Note how bisecting k-means also produce a type of hierarchical clustering.
major drawback of k-means?
Tend to not work well on non-spherical shapes, or different densities or different size.
For instance, if one natural cluster is very large compared to the others, k-means will struggle.
why is it struggling with such cases?
It is because of the objective function. Minimizing SSE will always favor globular shapes of equal size
Agglomerative vs divisive
Agglomerative starts with each singleton cluster, merge together iteratively to form larger and larger clusters.
Divisive begin at the top and perofrm spltting.
how do we visualize HAC?
Dendrograms
Elaborate on the HAC algorithm
Starts with singleton clusters.
Initialize the proximity matrix.
MERGE the two clusters that are closest together.
Update the proximity matrix.
Repeat until only one cluster remains.
HAC requires a notion of proximity between clusters.
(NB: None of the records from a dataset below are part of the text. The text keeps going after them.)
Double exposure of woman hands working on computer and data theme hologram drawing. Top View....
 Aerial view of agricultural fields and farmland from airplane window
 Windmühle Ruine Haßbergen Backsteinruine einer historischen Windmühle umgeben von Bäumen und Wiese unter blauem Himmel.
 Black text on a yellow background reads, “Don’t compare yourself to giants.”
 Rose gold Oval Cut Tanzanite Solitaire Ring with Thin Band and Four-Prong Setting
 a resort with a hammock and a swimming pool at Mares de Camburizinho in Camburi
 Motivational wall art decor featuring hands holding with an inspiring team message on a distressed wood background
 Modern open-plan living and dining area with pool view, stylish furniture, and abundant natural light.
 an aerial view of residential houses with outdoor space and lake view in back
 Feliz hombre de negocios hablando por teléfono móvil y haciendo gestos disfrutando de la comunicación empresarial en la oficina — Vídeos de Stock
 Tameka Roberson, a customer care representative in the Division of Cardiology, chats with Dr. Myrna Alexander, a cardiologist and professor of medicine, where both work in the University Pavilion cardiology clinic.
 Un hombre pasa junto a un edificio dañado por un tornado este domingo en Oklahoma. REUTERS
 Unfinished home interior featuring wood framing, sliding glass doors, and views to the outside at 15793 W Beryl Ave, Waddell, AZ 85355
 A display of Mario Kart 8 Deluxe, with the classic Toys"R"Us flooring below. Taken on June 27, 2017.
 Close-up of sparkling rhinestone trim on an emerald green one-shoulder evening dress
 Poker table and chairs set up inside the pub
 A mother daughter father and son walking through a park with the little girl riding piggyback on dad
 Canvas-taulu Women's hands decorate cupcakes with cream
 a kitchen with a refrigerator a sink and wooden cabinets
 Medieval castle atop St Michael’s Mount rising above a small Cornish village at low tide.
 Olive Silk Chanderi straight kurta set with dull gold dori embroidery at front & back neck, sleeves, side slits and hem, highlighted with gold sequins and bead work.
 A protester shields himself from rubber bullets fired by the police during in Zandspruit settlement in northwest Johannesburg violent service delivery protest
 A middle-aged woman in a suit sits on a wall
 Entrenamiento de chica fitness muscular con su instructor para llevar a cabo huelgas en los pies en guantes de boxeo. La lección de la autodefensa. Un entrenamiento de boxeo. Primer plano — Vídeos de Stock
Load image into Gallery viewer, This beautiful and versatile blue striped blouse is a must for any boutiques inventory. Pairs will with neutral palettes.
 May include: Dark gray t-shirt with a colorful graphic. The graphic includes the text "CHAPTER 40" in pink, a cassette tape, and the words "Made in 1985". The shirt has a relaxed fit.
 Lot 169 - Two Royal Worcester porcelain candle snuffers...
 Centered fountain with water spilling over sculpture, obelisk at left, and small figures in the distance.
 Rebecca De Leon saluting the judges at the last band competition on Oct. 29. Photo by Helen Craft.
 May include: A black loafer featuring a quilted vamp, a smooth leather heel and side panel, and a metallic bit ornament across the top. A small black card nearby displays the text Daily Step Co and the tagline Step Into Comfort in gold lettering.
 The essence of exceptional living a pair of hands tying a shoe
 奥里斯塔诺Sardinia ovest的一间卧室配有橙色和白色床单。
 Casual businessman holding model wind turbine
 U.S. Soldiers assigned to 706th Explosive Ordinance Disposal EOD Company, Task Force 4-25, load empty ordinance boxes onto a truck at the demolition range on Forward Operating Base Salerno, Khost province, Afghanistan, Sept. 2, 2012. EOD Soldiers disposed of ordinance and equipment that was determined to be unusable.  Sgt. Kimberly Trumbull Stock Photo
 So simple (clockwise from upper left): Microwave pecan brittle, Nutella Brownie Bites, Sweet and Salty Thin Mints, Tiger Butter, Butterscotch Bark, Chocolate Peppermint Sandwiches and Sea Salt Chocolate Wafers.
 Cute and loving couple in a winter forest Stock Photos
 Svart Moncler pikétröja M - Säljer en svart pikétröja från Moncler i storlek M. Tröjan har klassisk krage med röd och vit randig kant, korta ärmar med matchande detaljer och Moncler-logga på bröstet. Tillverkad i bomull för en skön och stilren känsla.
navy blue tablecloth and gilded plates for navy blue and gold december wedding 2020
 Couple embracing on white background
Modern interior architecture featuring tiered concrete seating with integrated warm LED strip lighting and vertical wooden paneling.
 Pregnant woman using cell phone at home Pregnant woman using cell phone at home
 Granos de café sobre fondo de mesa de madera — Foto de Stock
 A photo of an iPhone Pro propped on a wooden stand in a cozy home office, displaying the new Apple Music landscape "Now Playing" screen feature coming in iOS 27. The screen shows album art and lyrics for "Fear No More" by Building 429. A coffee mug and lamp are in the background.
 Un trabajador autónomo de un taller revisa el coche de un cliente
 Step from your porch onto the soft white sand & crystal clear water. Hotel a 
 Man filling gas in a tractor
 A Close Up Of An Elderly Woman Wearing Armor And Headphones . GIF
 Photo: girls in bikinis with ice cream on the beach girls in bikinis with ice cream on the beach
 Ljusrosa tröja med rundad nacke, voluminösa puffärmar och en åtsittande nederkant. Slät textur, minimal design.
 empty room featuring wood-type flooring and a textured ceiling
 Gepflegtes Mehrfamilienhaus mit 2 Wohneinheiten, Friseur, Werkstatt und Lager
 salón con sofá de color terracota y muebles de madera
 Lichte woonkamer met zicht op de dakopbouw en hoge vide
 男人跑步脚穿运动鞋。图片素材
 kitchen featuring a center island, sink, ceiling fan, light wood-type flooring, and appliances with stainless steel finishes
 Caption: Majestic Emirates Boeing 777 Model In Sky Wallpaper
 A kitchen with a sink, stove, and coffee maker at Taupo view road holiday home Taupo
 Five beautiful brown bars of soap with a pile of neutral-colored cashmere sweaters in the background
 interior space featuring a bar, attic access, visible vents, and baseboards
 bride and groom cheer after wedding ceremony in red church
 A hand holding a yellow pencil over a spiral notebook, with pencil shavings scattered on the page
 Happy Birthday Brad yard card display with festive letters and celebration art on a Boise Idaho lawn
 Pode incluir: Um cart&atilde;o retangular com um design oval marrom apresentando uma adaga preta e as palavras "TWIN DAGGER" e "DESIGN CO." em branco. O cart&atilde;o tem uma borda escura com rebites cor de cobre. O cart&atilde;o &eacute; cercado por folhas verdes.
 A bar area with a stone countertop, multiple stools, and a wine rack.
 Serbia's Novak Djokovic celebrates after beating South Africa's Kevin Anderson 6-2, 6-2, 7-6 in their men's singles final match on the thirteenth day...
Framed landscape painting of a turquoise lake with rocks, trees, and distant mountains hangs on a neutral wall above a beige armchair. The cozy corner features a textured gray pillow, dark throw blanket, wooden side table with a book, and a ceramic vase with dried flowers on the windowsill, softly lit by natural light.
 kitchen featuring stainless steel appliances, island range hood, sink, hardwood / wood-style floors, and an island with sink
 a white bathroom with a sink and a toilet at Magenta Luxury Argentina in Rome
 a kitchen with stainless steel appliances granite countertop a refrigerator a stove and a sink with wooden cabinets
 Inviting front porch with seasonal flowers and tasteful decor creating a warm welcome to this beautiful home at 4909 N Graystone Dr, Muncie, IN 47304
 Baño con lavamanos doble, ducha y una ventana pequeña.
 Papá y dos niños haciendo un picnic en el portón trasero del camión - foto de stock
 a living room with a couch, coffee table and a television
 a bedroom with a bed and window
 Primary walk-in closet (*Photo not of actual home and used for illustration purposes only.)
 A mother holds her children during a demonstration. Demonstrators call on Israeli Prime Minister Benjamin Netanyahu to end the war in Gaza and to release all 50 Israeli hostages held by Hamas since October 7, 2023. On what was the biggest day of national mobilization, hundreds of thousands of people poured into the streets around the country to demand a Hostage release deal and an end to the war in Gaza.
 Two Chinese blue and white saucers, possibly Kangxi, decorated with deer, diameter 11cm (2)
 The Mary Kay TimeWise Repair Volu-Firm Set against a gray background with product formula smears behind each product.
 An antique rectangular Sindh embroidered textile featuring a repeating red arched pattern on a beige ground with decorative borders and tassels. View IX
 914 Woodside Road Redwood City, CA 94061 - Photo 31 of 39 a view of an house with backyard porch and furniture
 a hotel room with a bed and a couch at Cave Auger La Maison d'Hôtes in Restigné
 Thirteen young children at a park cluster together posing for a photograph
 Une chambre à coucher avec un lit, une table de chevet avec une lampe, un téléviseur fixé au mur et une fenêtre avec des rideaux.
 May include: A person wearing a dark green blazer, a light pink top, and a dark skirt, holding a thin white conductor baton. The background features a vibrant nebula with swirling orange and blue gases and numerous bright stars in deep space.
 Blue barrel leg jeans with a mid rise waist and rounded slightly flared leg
Obviously, because thisi s the basis of the proximity matrix that is used for the algorithm.
Elaborate on proximity and the proximity matrix in regards to HAC
The proximity measure is actually usually the thing differing between various methods of HAC.
For instance, we typically use MIN and MAX from the graph based clustering view.
MIN defines cluster proximity as the shortest distance between any node in cluster A and any node in cluster B.
MAX defines cluster proximity as the farthest two points in different clusters.
We also have GROUP AVERAGE which measure proximity as the average of all pairwise connections.
What is Wards method?
Assumes clusters are represented by centroids. Considers proximity between two clusters as the increase in SSE that would result from merging the two clusters.
Elaborate on single linkage vs complete linkage in terms of abilities and results
Single linkage usually yield stringy and elongated patterns. it excels at capturing weird complex shapes.
Complete linkage usually yield compact and very similar clusters. Tend to be more spherical. Place a greater emphasis on keeping clusters similar. Complete linkage avoids chaining. Chaining is something we typically see with single linkage.
Why does k-means suck compared to HAC?
k means suck because it tries to mnimize the objective function in SSE. Because of SSE, it will struggle with varying cluster sizes, densities etc. Just imagine what happens if we have one extremely large natural cluster and other small clusters. k means will split the large one into multiple clusters, because this will most likely reduce SSE. Major drawback.
Complete linkage on the other hand will dominate on them aspects.
Unfortunatley, HAC is very slow and requires lots of space. not good for large sets. Does not scale very well.
What is DBSCAN based on?
Center based method